Your Kingdom Come in Our Creativity
We were talking through the Lord's Prayer this past Sunday night, and I shared some thoughts about how homogenization and commodification steal away creativity which is, I think, a central feature of our identity and life as beings created in the image of God. Okay, now that's going to need some 'splaining.
God creates. God creates human beings. God creates human beings in his image. Now, people have argued about what that phrase, 'in his image' means for years, but part of what that communicates is that in some ways God has made us like him. We bear the marks of personality, capacity for personal relationship marked by love, and creativity. Creativity is the ability to bring into being something which is an expression of yourself. Whether it is an expression of your interpretation of life through art, or an expression of your applied learning through invention or engineering, creativity is about unique expression of the self.
Creativity involves breathing life into something. God spoke the universe into life and life into the universe. God spoke and created plants and animals and fungi and all kinds of living things. God breathed life into human beings. The universe itself is one unique expression of God's being.

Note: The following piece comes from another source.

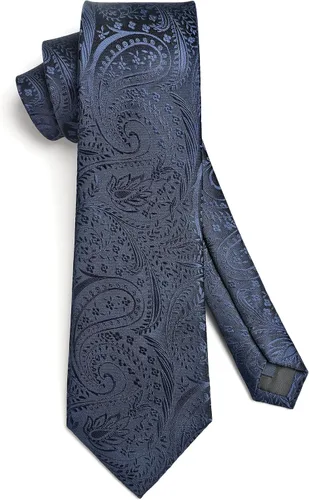 Miniatura 28 de HISDERN Corbatas para hombre, corbata de cachemira y bolsillo cuadrado tejido clásico floral para hombre, corbata de fiesta de boda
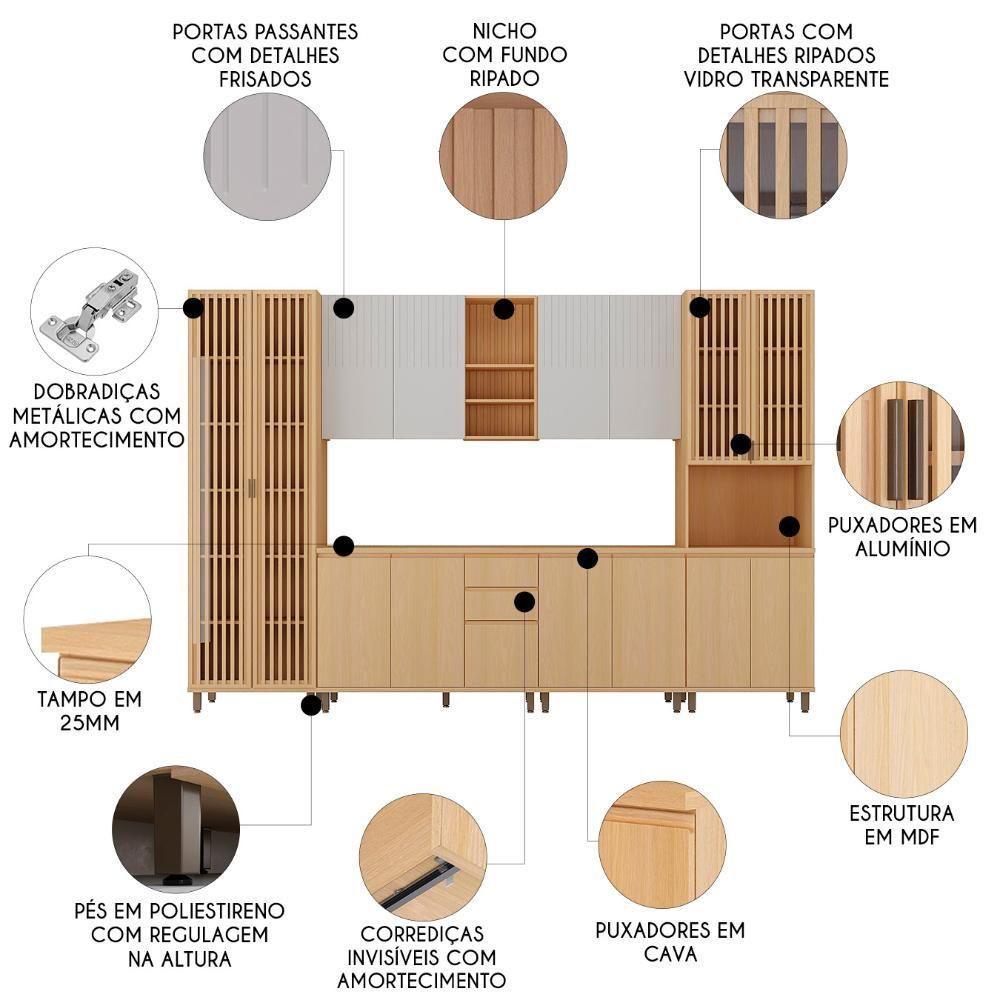 Armário De Cozinha 6 Peças Cp01 E Tampo Pierre Carvalho/cinza L01 - Mpozenato - 3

Again, creativity is about unique expression and it brings life.
Now, let's look at what is happening in USAmerican culture. We have a giant movement of homogenization--making everything the same. Even the variations have this kind of homogenaic imperialism about them. "Do you want to be a rebel? We have you're wardrobe ready at Hot Topics!" "Do you want to be a sexy teenager? We have your prepackaged life...I mean, look...at A&F." "Do you want the good life at a great price? We've got your Kenmore appliances at Sears."
I think there are many people who sense what all that Mall of America culture is doing--it is stealing life. It is robbing people of any need for creative self-expression. Everything is already color coordinated and pre-packaged. Not only do you not have to make your own clothes (something that even my mom did when she was a teenager), you don't even need to go to the people who make the clothes (in fact, you couldn't if you wanted to!). You have mega-companies doing all the deciding for you. They even tell you what to wear (think of GAP commercials).
No more thinking. No more creating. No more self-expression. Only consuming and advertising for more consumption. Humanity is suffocating itself here in USAmerica.
Now think about art. When art is commodified, mass produced, and mass-distributed, it loses value. There is something about millions of people buying Thomas Kinkade prints that robs them of value. What was art is now wallpaper. Creativity is suffocated by cheap, readily available, mass-produced images. Not only do I not know what that painting or photograph at Target is about, I really don't care as long as it matches my sofa.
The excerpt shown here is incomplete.